**What you need to do:**
The answer must consist only of the lines from the line with "Asian woman cutting" to the line with "a bedroom with", both included, exactly as they stand below.

**Excerpted data:**

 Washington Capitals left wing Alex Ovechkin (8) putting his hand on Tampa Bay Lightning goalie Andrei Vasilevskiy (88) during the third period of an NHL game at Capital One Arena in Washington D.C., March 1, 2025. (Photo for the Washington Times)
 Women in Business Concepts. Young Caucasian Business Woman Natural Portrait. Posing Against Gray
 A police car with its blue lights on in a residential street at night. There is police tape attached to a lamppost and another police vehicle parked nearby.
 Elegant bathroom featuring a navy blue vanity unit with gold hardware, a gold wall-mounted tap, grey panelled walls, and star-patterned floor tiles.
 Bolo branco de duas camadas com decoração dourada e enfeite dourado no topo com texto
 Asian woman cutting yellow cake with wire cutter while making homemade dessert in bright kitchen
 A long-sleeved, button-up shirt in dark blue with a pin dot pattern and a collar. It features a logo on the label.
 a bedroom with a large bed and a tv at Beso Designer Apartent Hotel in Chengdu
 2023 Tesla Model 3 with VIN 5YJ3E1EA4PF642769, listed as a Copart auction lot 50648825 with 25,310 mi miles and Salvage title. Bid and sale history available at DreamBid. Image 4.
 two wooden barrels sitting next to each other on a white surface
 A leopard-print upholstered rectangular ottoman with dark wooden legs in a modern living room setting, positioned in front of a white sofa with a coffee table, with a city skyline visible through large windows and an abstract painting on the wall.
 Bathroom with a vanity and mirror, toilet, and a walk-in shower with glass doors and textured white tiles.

---

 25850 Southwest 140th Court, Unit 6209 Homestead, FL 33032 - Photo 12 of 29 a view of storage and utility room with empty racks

---

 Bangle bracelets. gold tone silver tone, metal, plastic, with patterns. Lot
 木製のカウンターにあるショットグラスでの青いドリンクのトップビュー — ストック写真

**Exercise result:**
 Asian woman cutting yellow cake with wire cutter while making homemade dessert in bright kitchen
 A long-sleeved, button-up shirt in dark blue with a pin dot pattern and a collar. It features a logo on the label.
 a bedroom with a large bed and a tv at Beso Designer Apartent Hotel in Chengdu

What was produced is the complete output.